(137b) Characterization of Mesoscopic Structure in Cohesive Powder, Neat or Blended, By X-Ray Computed Tomography and Prediction By the Discrete Element Method

Understanding and predicting structural characteristics of cohesive powder systems is a technical challenge in many powder technology processes and applications. The discrete element method (DEM) [1] is a promising approach to model the structure and flow behavior of cohesive granular systems. Advances in experimental techniques such as X-ray computed tomography (XRCT) have now enabled characterization of fine cohesive powder systems with sub-micron resolution. Combined with standard bulk powder characterization methods (e.g. density), this technique allows for mesoscopic structural characteristics of cohesive powder systems to be compared with DEM simulation. In this study, DEM and XRCT are used to characterize the mesoscale structure, under controlled consolidation conditions, of two moderately cohesive ‘model’ (roughly spherical) powders with distinct material properties. The DEM simulations are based on a constitutive elasto-plastic model [2] that makes use of the JKR theory [3] to account for cohesive interparticle forces. Density and void structure obtained from DEM simulation are compared to characterization results obtained from XRCT image analysis. XRCT and DEM simulation approach is applied to examine structures of binary mixtures of the two model powders. The ability of DEM simulation and the contact model to accurately predict structural characteristics of single component and binary granular systems is discussed.

References

[1] P. A. Cundall and Otto D.L. Strack. A discrete numerical model for granular assemblies. Geotechnique, 29(1):47–65, 1979.

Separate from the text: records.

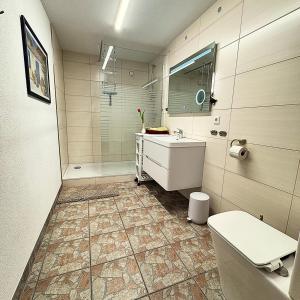 Koupelna v ubytování Ferienhaus Im Gässchen + 22 fotografií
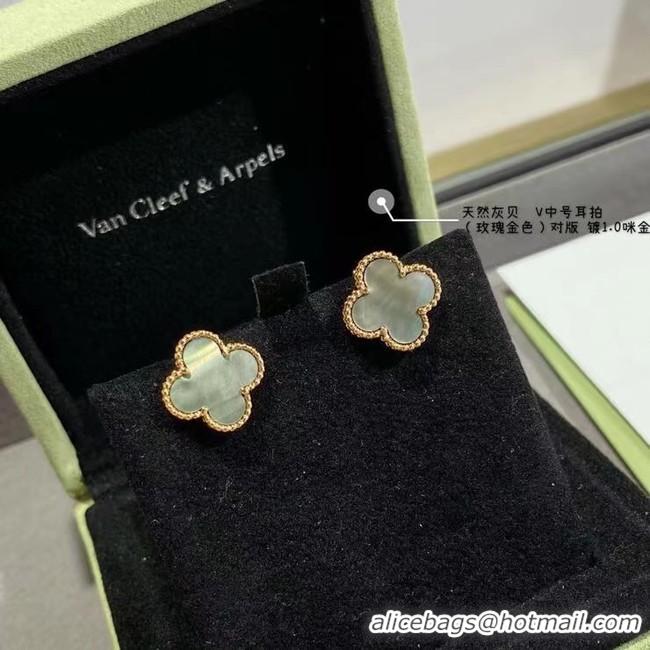 Good Product Van Cleef & Arpels Earrings CE7995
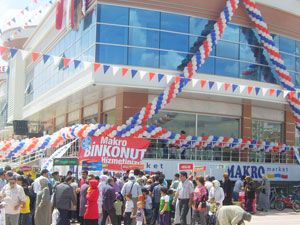 Makromarket Binkonut’ta hizmette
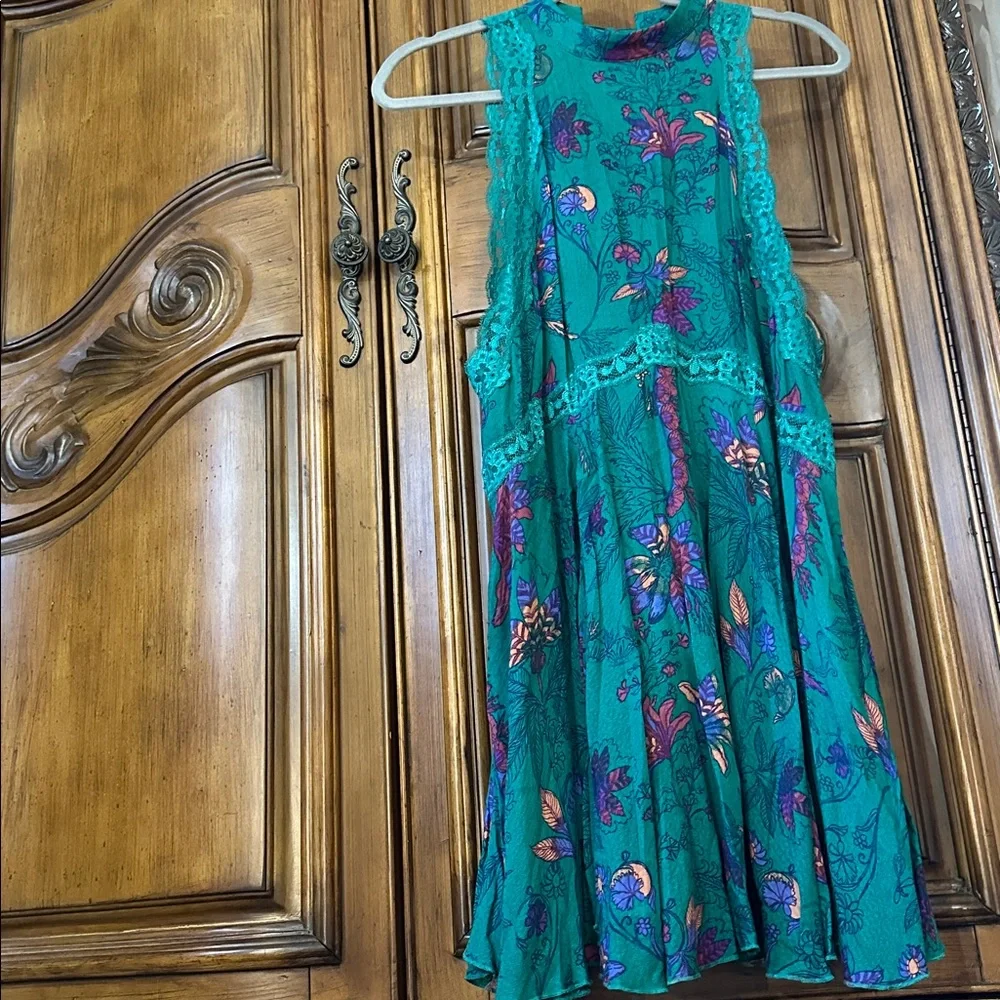 Free People Teal and Purple Floral She Moves Oversized Sleeveless Mini Chemise - Picture 10 of 15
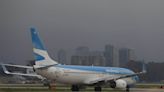 Hubo demoras en los vuelos de Ezeiza y Aeroparque por la densa niebla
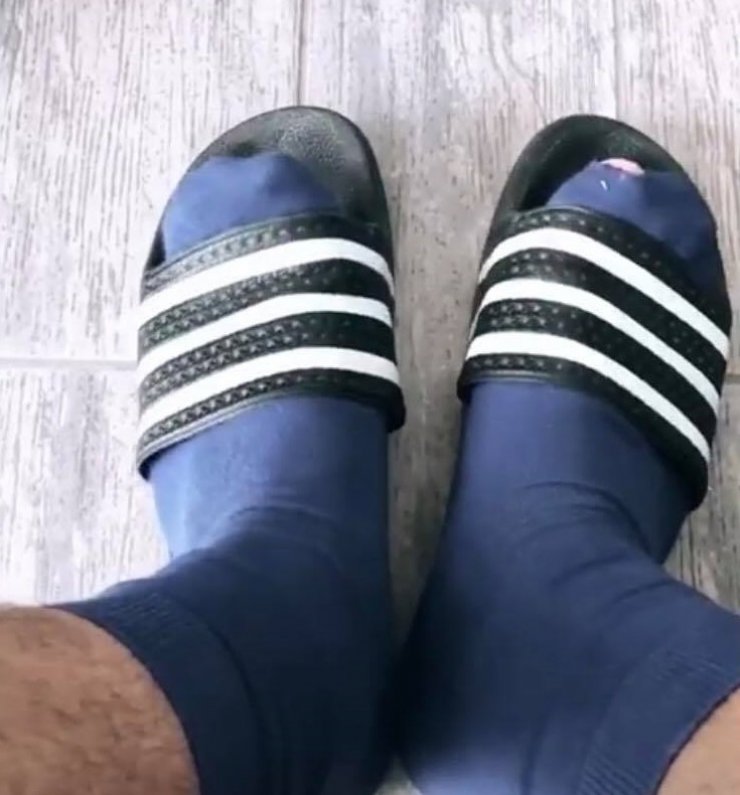 Πρόσωπο της κυπριακής τηλεόρασης πήγε δουλειά με τρύπιες κάλτσες!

[2] C. Thornton and Z. Ning. A theoretical model for the stick/bounce behavior of adhesive, elastic-plastic spheres. Powder technology, 99(2):154– 162, 1998.

[3] K.L. Johnson, K. Kendall, and A.D. Roberts. Surface energy and the contact of elastic solids. In Proceedings of the Royal Society of London A: Mathematical, Physical and Engineering Sciences, volume 324, pages 301–313. The Royal Society, 1971.